Beitragvon Teeernte » Fr 22. Dez 2017, 14:51

pikant hat geschrieben:(22 Dec 2017, 13:26)

wenn der Staat ein Auto kauft, bekommt der Staat die MWST wieder in der Staatssaeckel zurueck.

darueberhinaus ist die Foerderung von Elektroautos von Staatsseite im Verhaeltnis zu anderen Staaten mickrig.

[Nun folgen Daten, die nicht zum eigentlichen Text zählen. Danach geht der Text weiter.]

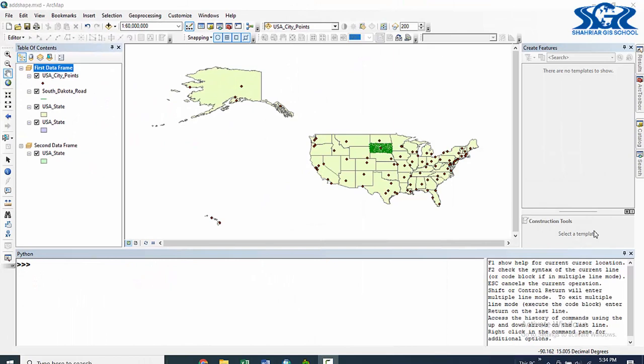In this new section, we are going to count the total number of features of a particular shapefile and also of a particular feature class of geodatabases. In our previous lectures, we listed out the total number of shapefiles in a particular folder and the total number of feature classes in a particular geodatabase. Now, we are going deeper — we are going to count total number of features in a particular shapefile or in a particular feature class.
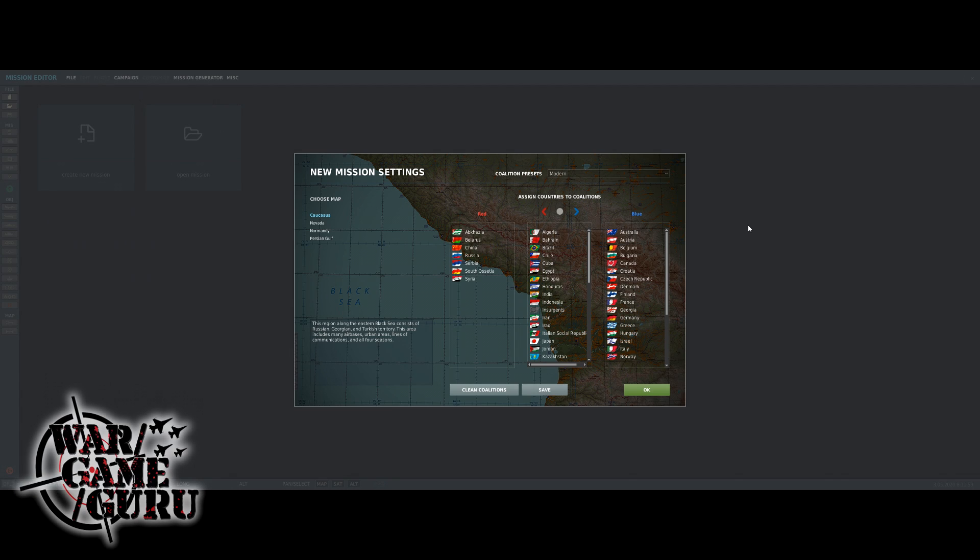Hey guys, welcome back to the channel. Today I wanted to go over some really basic mission editor things and create a quick and simple mission that could be used for multiplayer, showing you how easy it is to set up.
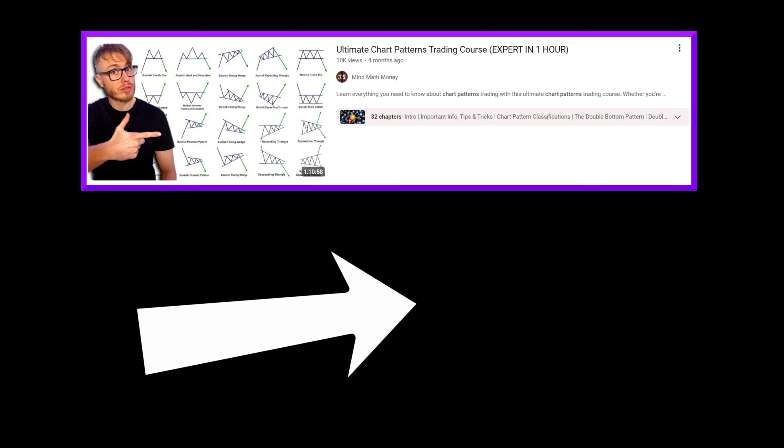This video was just a short clip from our full chart patterns trading course. If you have some time, I recommend clicking or tapping on the screen to watch the full course. I hope to see you guys in the full video very soon — take care, ciao ciao.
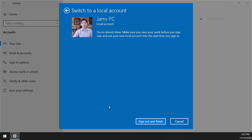This is best when you are thinking about selling your machine to someone else. You don't want your account to be logged in on that machine, so this is the best way to remove your Microsoft account.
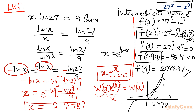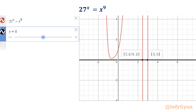One more method using Newton-Raphson can also find the same result. Looking at the graph — it shows the roots: one solution is at 2.478 and the other root is at 3.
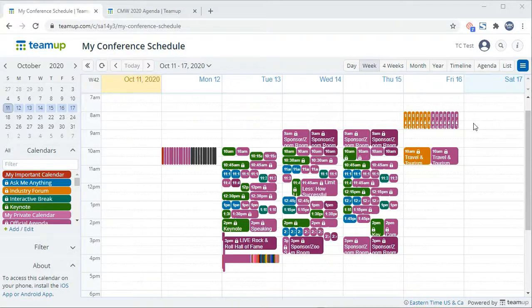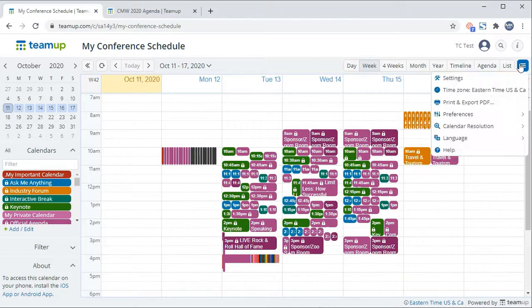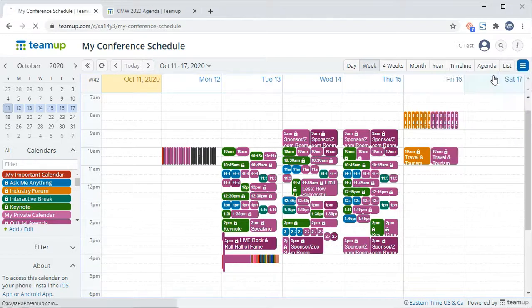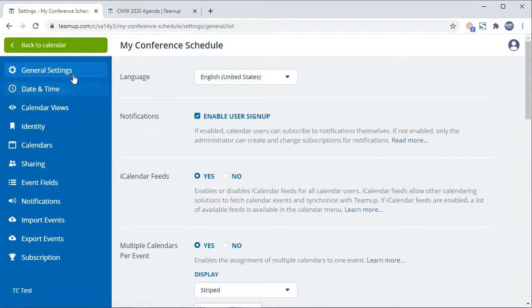To customize your calendar settings, click the blue menu icon and then select Settings from the drop-down box. Select Date and Time from the left sidebar.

und dass man als Mitarbeiter von Firmen keine Internas nach aussen geben darf ist Allgemeingut und das zu kritisieren vollkommen unlogisch und da musste ich schon ein wenig schmunzeln :D


Ja DAS "Betriebsgeheimnis" ist "Geheime Verschlußsache" ->> Ein Staatsgeheimnis - das zeigt - dass der Staat auch den Betriebsrat und die Gewerkschaften selbst bei Gesundheitsgefährdung der Angestellten - voll im Griff hat. DDR2.1

...der Staat kauft ?Autos ? - da kommt der Rechnungshof aber voll durcheinander. Man macht "Leasing".

Das "Schauspiel" EE ist doch nur für die Wähler gemacht. (Wer muss zahlen ? - nie der Staat... immer >> Deppen )

NAtürlich kannst Du für mehr Förderung stimmen. Damit mein DIENSTAUTO billiger ist .... Zur Not gibts dann für Jeden 2 - damit man die Tour hinbekommt .

Aber - die meisten Firmen WISSEN - dass sich selbst ein GESCHENKTES Elektroauto - für die meisten Anwendungen nicht lohnt.
(Parkplätze "FREIHALTEN" ....Kunden "melden" das Auto ist kaputt - :D :D :D - DAS GLAUBT einem doch Keiner...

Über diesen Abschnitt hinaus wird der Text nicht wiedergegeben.